Jane saw him in her peripheral vision as she boarded the Manhattan bound train. Tidy brown hair and shaved skin. Tall. Narrow jeans. A blazer and a tie. She couldn’t see his face but she was getting less picky as fall made its sudden descent into winter. She took a seat across from his place at the door, his large hands grasping onto a pole surely covered in germs. As the train moved, the bodies in front of her parted enough so that through them she saw it: the UBS bag.
Her heart leapt. She had managed to find him again. Not that they had shared any real connection or even a true, singular intimate moment; Jane had merely stared at him for the better part of four minutes a few weeks previous in an unrequited and unreciprocated moment of infatuation. This happened a lot on trains, she found. And in bars and coffee shops and streets and…That was the problem here: there were too many beautiful people everywhere. Boys and girls. So many options that it seemed no one was ever happy with what they had because they could always want so much more, all of the time. Love and Lust in New York City was like a diner open 24/7 with a menu the size of the Bible.
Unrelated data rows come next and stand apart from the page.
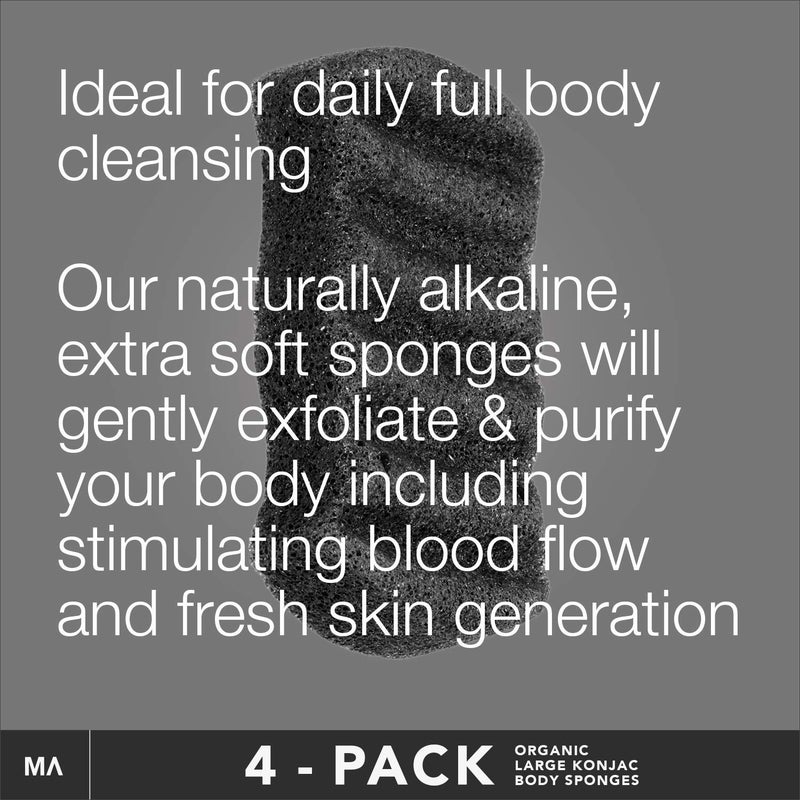 Minamul Konjac Exfoliating Organic Body Sponge | Gentle daily body face scrub/skincare | infused with best bamboo activated charcoal | Safe for Oily, Dry, Combination or Sensitive skin | 4 pack set - Image 4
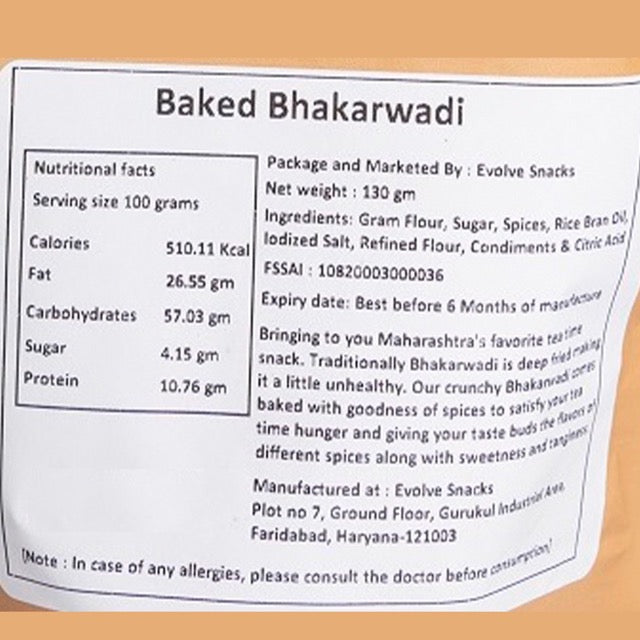 Evolve Healthy Snacks | Baked Bhakarwadi (Pack of 3)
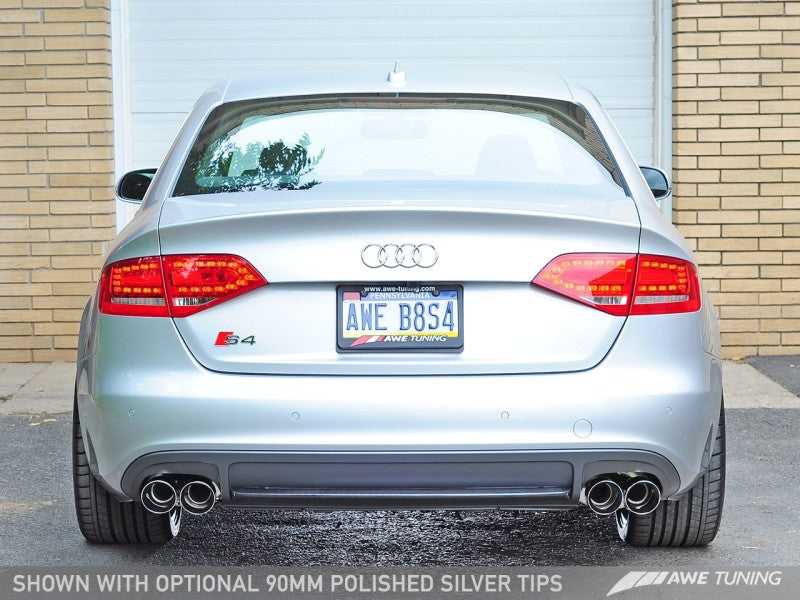 AWE Tuning, AWE Tuning Audi B8 / B8.5 S4 3.0T Track Edition Exhaust - Chrome Silver Tips (90mm)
The L Train lurched and the bodies in front of her parted again, his face coming into view. His hair was a work of art, combed so precisely and meticulously that all Jane wanted in the world was to sit in his bathroom, the tile chilling her from her seat on the floor, and watch him create these stiff waves in his hair. That was all she really wanted out of boys – these small moments that nobody else got to see. Jane didn’t want flowers or jewelry or dinners; she wanted to see how a man got dressed in the morning, she wanted to know what his favorite shirt was, she wanted them to give that to her – accidentally and unknowingly – nonreturnable and nonrefundable keepsakes.
Jane noticed that he was reading a new book, though she couldn’t tell what book it was. Obviously a particular person, UBS Boy covered his books with a rubbery black sheath that she had only ever seen used to protect iPads. In real life – and not the made up, idealistic one in Jane’s head – he was probably anal retentive to an extreme, sterile in an annoying way that Jane would grow to find unattractive. But here on the train, she found the care for his book endearing. She watched him read, his brow trapped in perpetual concern.
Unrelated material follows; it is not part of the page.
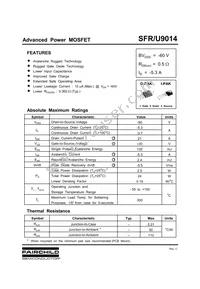 SFR9014TF Datasheet Cover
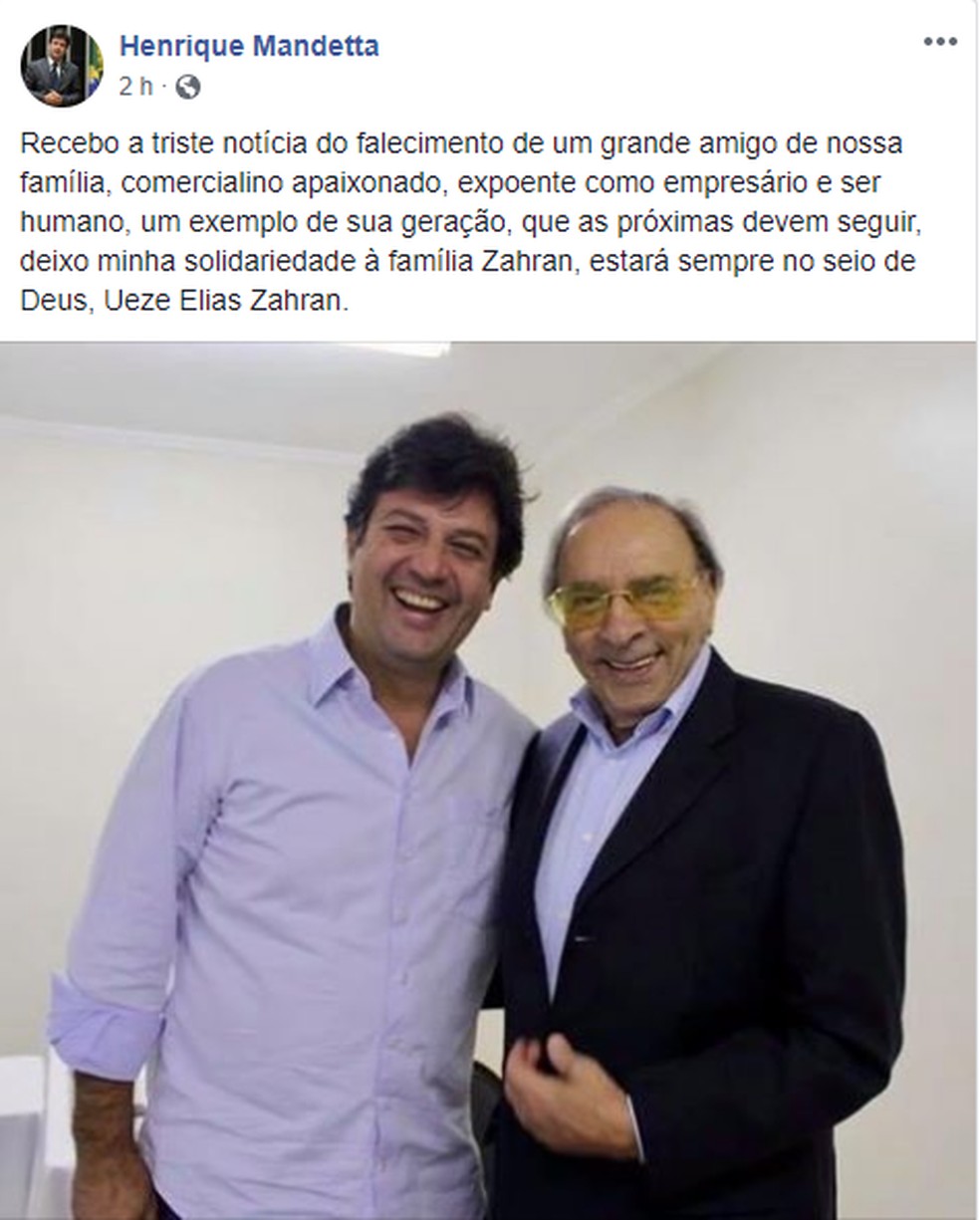 Deputado federal Luiz Henrique Mandetta comentou sobre a morte do empresário em seu perfil no facebook. — Foto: Facebook/Reprodução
Union Square came too soon and he had not looked up to catch Jane staring at him, something that was both good and bad – saving her from equal parts awkwardness and possibility. The doors opened and he took to the stairs, his midnight blue, patent leather sneakers flying forward against the terminal floor. Jane quickened her pace, moving aggressively through confused foreigners and glacial old people. She couldn’t keep a fast enough pace, catching him just as he rounded corners, his perfect head of hair disappearing from view.
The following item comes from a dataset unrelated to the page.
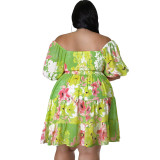 Plus Size Women's Summer Sexy Off Shoulder Print Casual Loose Dress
As Jane ran/walked, she contemplated making a giant poster to place on one of the walls leading out of the L train platform reading: Attention Beautiful Boy with the patent blue sneakers and the UBS bag. I love you for nothing.” She could either leave her number or not, making something that was already weird even weirder.
By the time she reached the top of the stairs, he had vanished entirely. Jane craned her neck in a silly attempt to spot him out of a crowd of surging bodies. Coming and going, bumping and pushing, while an African drum beat played out on empty paint cans provided a soundtrack to her increasingly pathetic romantic life.